Writing is hard. Writing about drink is doubly hard. This is not because any significant consumption leads to intoxication and engenders either an excess of verbal effluence or a dearth of linguistic capacity. There is something intrinsically ineffable about the stuff, more so even than is the case with food. One cannot describe the experience of tasting a glass of wine or a tumbler of whiskey without sounding, at best, a little silly. However, if you are reading this, maybe that is because you already know how tricky writing about booze is and you want to delight as this journalistic car crash unfurls before you. Or maybe you are very forgiving.
Either way, I hope you will see past the pretension and around the abstruseness.
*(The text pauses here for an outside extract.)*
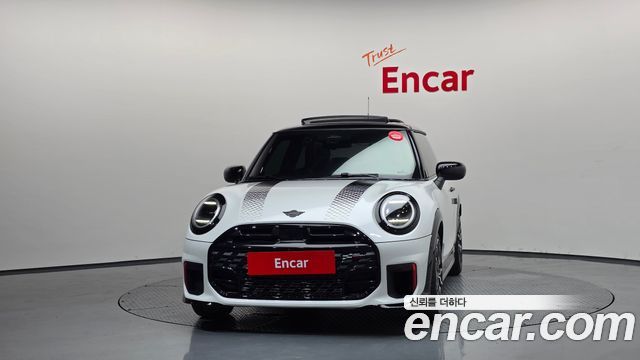 Mini Cooper JCW — пробег 9 888 км — фото 3 из 5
I want to extol the benefits of a varied palate for alcohol, divulge insider information about where, when and what to drink and incite a healthy curiosity about what most of us overuse and abuse at least twice a week as part and package of a student lifestyle. Maybe, just maybe, a finer appreciation for C2H6O might lead to a tot of moderation and a snifter of good sense.
Spring is the perfect time to broaden the horizons of one’s bibulousness. As winter releases our corner of Fife from its chilly and dark bear-hug, the need for comforting and familiar flavours in our diet dissipates. I spoke to Callum Merr, bar manager at the Adamson and steward of their cocktail menu, to get a sense for what tastes and ingredients might work at this time of year. He was awash with intriguing suggestions, particularly regarding the marriage of fresh herbs with certain alcohols to impart drinks with a fragrant or aromatic quality. This is not an idle idea. Attempting to make cocktails at home is neither hard nor unenjoyable. The necessary apparatus is only really a decent sized jar with a tight-fitting lid. Add to that some booze, other tasty bits and bobs and some ice and you are ready to go. The only other requirement is a vigorous arm action to shake or stir the concoction into a fit state to serve. There is little else to it.
But back to Mr Merr. The soundest piece of advice he gave was regarding a reliable schematic for a beverage. Any trio of alcohol, citrus and sweetener is likely to be a winner. This ‘three good things’ logic underpins many popular and well known cocktails. A Moscow mule, a dark and stormy, a daiquiri, a pisco sour: they are all based on this fundamental flavour architecture and little else besides.
Mr Merr also recommended starting with something simple, like one of these examples, if you are keen to become a domestic bartender. For the eager or the experienced amateur mixologist, there is one resource in particular that can be a seam of inspiration. Difford’s Guide, who maintain a sterling website given the amount of drinking probably required for their work, have an inexhaustible online catalogue. Their recipes are well laid out and clear. The only risks are that you may get lost in the abundance of potable suggestions or become overenthusiastic and wake up some time next week feeling unusually awful with no recollection of the last three years of your life. To reiterate, I do not advocate drunkenness or excess.
So, equipped with a little knowledge and some derring-do, it is indeed possible to lift yourself out of cocktail ignorance and become the most popular person at the party, serving out little soupçons of something delicious and unique. If that does not sound appetising, then I think I have failed.
There is also the matter of wine. It would be deeply foolish to profess any expertise on the matter, but I do have a few opinions. Firstly, I do not think one can only develop a taste by opting for the expensive options. Even the most fearsome and cheap varieties taste different from each other. In fact, I am a believer in the general notion that one cannot develop an appreciation for anything without a good understanding of what is dreadful. Secondly, I think Tesco’s cheap range has improved markedly over the last few years. Maybe this is due to pressure in the sector from rivals like Aldi, who have won awards and generally outperformed in the alcohol retail business. Or maybe British palates are becoming more discerning and Tesco is keeping up. Either way, this is definitely the time to explore a new drink.
So put down the Pablo or the Tennants and reach for something to sip and savour abstemiously. So I exhort you to try that beer you have never heard of, order a glass of the wine that sounds intimidating and shake things up at home. The worst that can happen is a bad hangover.